RAW DATA »
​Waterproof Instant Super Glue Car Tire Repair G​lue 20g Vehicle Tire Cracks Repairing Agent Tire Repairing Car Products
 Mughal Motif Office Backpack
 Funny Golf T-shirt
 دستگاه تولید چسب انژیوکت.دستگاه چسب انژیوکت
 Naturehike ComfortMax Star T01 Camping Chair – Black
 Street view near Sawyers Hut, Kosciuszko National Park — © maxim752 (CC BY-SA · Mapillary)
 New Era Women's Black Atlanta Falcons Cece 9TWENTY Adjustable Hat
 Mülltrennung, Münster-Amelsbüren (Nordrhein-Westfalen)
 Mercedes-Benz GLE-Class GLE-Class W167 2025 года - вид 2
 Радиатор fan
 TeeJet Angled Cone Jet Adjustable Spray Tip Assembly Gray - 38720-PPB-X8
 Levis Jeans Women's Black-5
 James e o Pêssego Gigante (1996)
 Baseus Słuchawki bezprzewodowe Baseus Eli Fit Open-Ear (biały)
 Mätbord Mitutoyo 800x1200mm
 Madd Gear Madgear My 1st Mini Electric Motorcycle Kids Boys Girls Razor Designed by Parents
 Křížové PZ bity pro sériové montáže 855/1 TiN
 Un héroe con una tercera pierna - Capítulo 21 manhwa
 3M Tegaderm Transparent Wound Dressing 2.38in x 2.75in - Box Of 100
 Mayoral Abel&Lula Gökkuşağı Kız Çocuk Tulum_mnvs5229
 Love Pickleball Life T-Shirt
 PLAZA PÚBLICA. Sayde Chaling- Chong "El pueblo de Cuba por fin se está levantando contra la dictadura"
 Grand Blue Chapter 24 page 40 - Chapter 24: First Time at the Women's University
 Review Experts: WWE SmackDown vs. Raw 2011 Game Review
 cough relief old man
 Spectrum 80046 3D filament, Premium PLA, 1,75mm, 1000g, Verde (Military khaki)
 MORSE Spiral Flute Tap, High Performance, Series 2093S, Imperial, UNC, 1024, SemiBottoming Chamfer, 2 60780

AIM OF THE TASK » Set down exactly the lines that begin with the one containing "Love Pickleball Life T-Shirt" and end with the last line above, and no others.

ANSWER »
 Love Pickleball Life T-Shirt
 PLAZA PÚBLICA. Sayde Chaling- Chong "El pueblo de Cuba por fin se está levantando contra la dictadura"
 Grand Blue Chapter 24 page 40 - Chapter 24: First Time at the Women's University
 Review Experts: WWE SmackDown vs. Raw 2011 Game Review
 cough relief old man
 Spectrum 80046 3D filament, Premium PLA, 1,75mm, 1000g, Verde (Military khaki)
 MORSE Spiral Flute Tap, High Performance, Series 2093S, Imperial, UNC, 1024, SemiBottoming Chamfer, 2 60780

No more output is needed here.